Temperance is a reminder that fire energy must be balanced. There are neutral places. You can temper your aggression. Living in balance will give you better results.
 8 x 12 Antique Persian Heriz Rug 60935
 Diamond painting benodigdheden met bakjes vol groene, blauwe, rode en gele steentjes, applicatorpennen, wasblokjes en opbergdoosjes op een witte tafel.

-- -- --

#### WORK REQUIRED:
Each line from the one containing "8 x 12 Antique Persian Heriz Rug 60935" through the end of the material should be restated word for word; leave out every line before it.

#### RESULT BELOW:
 8 x 12 Antique Persian Heriz Rug 60935
 Diamond painting benodigdheden met bakjes vol groene, blauwe, rode en gele steentjes, applicatorpennen, wasblokjes en opbergdoosjes op een witte tafel.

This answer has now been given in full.